Passing an array (argv) to a syscall in assembly x64

Question

I am learning to create shellcode and having a great time. I mostly understand what to do. I can create asm code that will actually generate the shell. However, I was going to verify my ability by trying another syscall, namely cat .

I am using the method of building the stack from the registers. However, I am running into an issue where I need to pass an array to the 'argv' parameter. This is simple enough when doing a shell, I can just pass the address of the address of the /bin/sh string on the stack. But with cat I need to pass both the name of the function /bin/cat and the argument for cat ie /etc/issue.

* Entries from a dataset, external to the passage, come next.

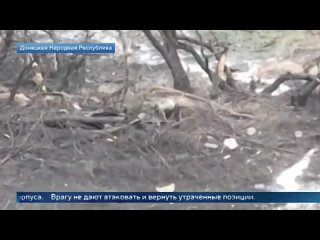 Напряженные бои идут у поселка Богдановка в ДНР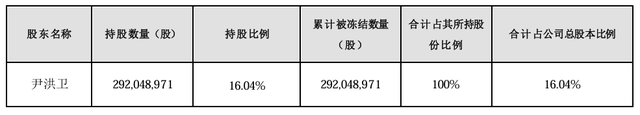 大股东持股遭八次轮候冻结，岭南股份流动性危机何解  第1张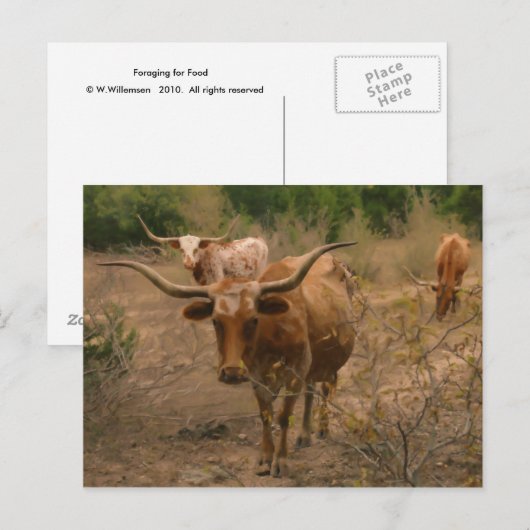 食糧の貯蔵 ポストカード (正面/裏面)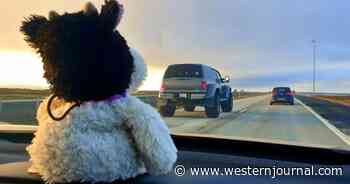 Kind Strangers Work Together to Get Beloved Stuffed Animal Home to Girl 2,300 Miles Away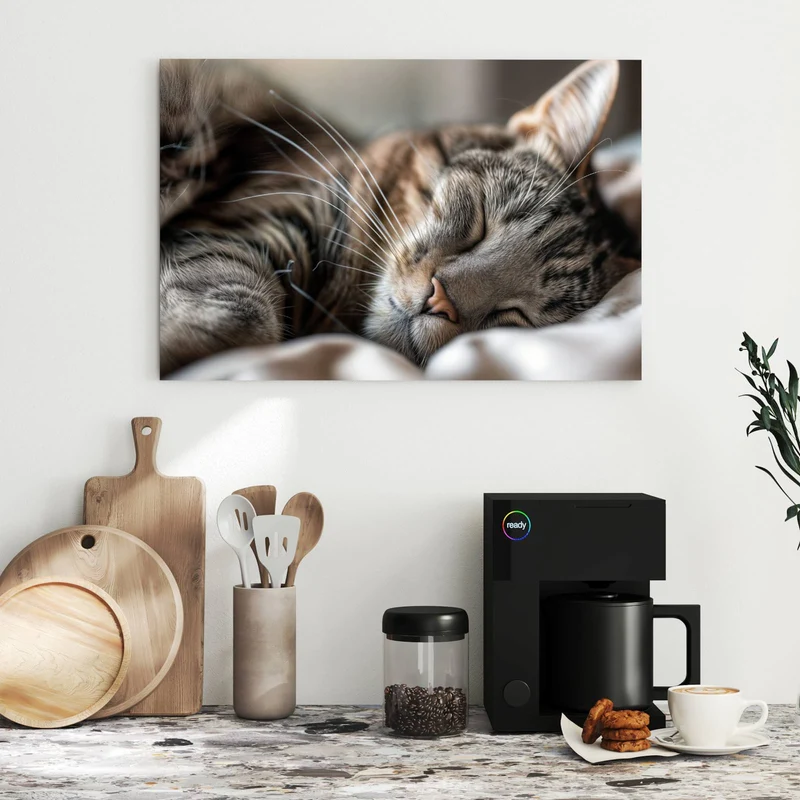 Metall Magnettafel - Schlummernde Katze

I know that the layout for a syscall is:

rax : syscall ID
rdi : arg0
rsi : arg1
rdx : arg2
r10 : arg3
r8 : arg4
r9 : arg5

What I can't decipher is how to pass {"cat","/etc/issue"} into a single register, namely rsi.

My assembly:

global _start
section .text
_start:
;third argument
xor rdx,rdx

;second array member
xor rbx,rbx
push rbx ;null terminator for upcoming string
;push string in 2 parts
mov rbx,6374652f ;python '/etc/issue'[::-1].encode().hex()
push rbx
xor rbx,rbx
mov rbx, 0x65757373692f
push rbx

;first array member
xor rcx,rcx ;null terminator for upcoming string
add rcx,0x746163 ;python 'cat'[::-1].encode().hex()
push rcx

;first argument
xor rdi,rdi
push rdi ;null terminator for upcoming string
add rdi,7461632f6e69622f ;python '/bin/cat'[::-1].encode().hex()
push rdi
mov rdi,rsp

;execve syscall
xor rax,rax
add rax,59

;exit call
xor rdi,rdi
xor rax,rax
add rax,60

It runs but (as expected) aborts when a NULL is passed as argv.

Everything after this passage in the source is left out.